For families and friends of the elderly in Minnesota, it is important to stay vigilant and aware of what is going on in their lives. Even if people appear to have the best intentions, each week a new story details another case of financial exploitation or undue influence of vulnerable adults. As one recent story highlights, those who are granted guardianship of an elderly relative can sometimes take advantage of the situation for their own benefit, harming others in the process.
Earlier this month, a woman pled guilty to credit card fraud after spending over $30,000 of her aunt's money. The woman sought and obtained guardianship over her elderly relative in January 2011, which gave the younger woman access to her aunt's bank accounts. The niece promptly moved over $170,000 dollars into her own accounts, eventually purchasing sunglasses and new tires for her vehicle.
While this is a criminal case, it highlights the need for those involved in the lives of the elderly to keep watch on affairs. Unfortunately, many older people lack the capacity to deal with all of the aspects of daily life, making the elderly reliant on those directly caring for them.

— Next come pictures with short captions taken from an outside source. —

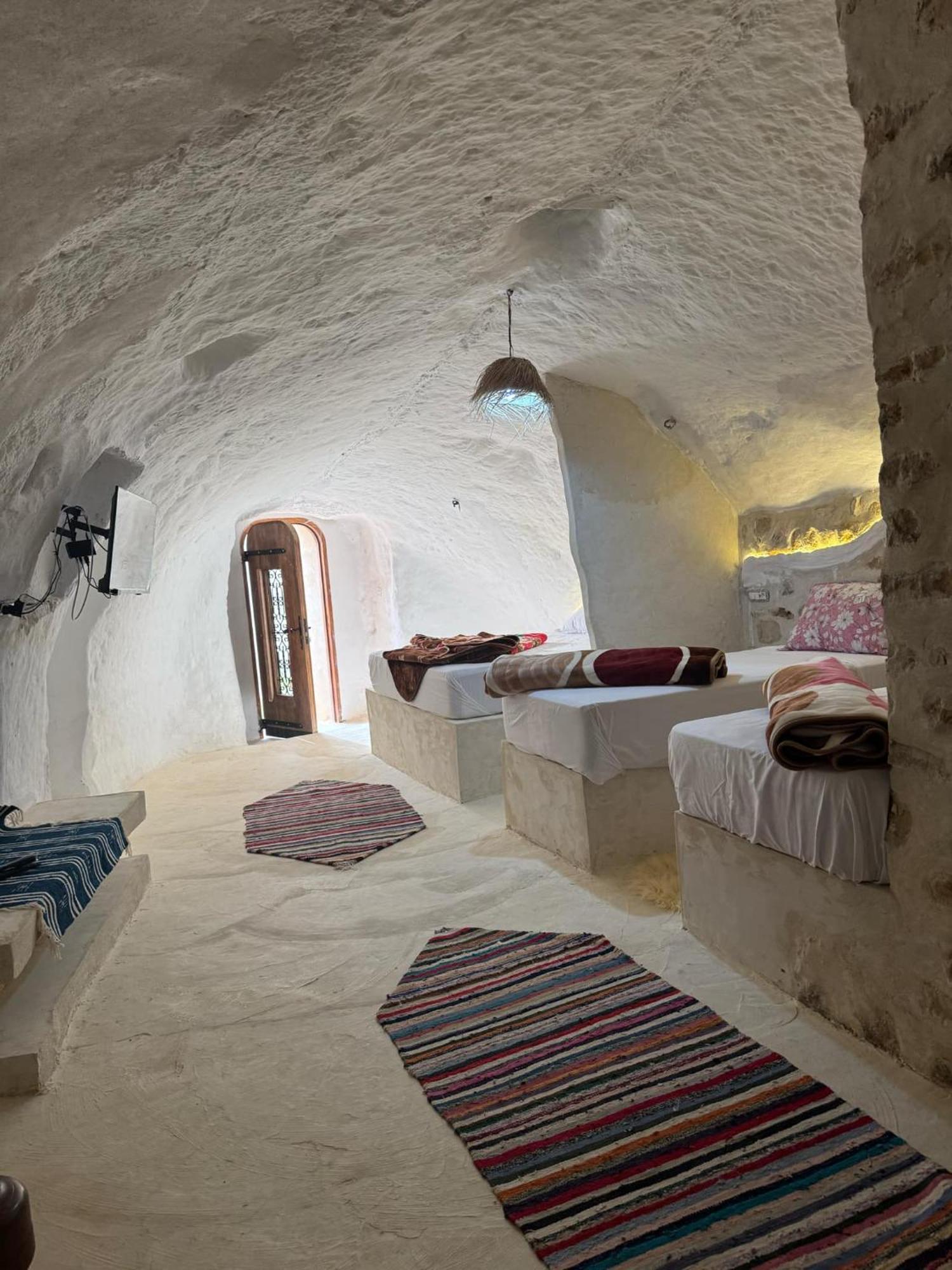 Hotel Les Berbers Matmata Eksteriør billede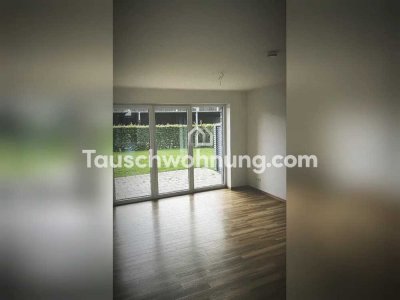 Tauschwohnung: 2 ZKB, mit Terrasse und Garten (WBS benötigt)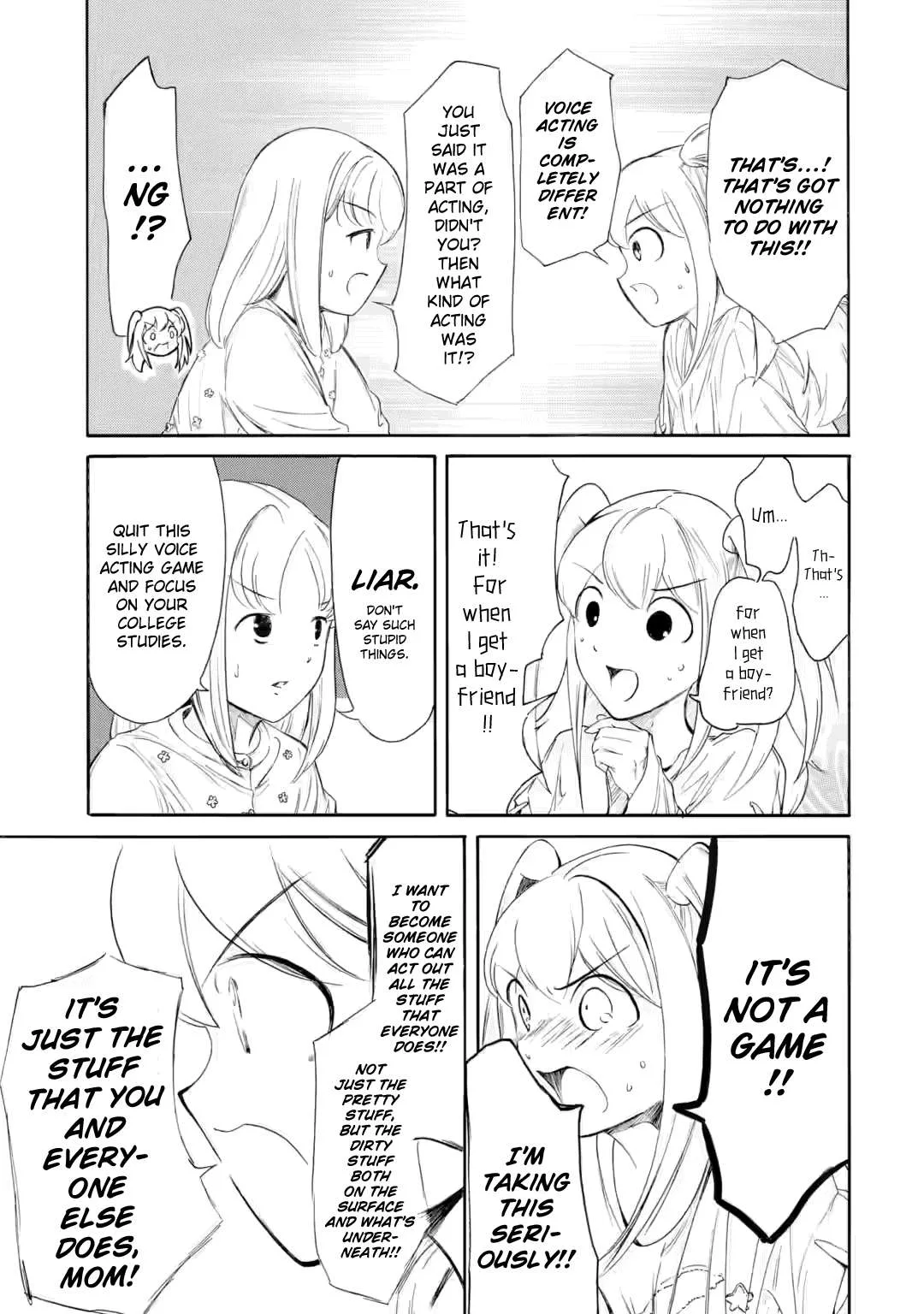 It's Not My Fault That I'm Not Popular! Chapter 240 page 3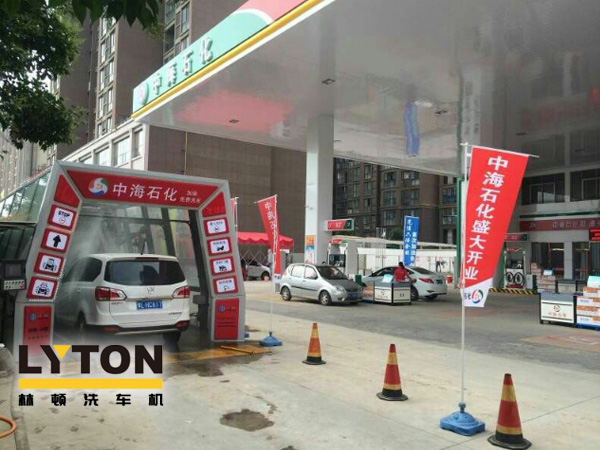 全自動洗車機設備——加油站、洗車店青睞！車友喜愛！Why？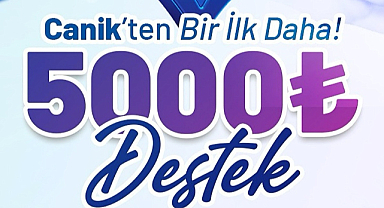 İlklerin Belediyesi Canik'ten Ailelere 5 Bin TL Destek!
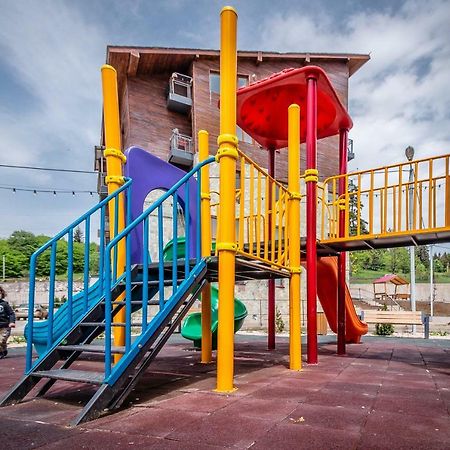 Marta At Monte Bakuriani Apartman Kültér fotó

In Minnesota, someone can obtain authority over another person's affairs as either a guardian or conservator. A guardian is granted powers only over those things necessary to ensure proper care, while a conservator has power over the person's estate and financial affairs. Both positions are appointed by the court and can require court oversight to ensure there is no abuse. Either way, the guardian or conservator owes the person he or she is serving a fiduciary duty -- guardians and conservators cannot make certain decisions purely for self-gain.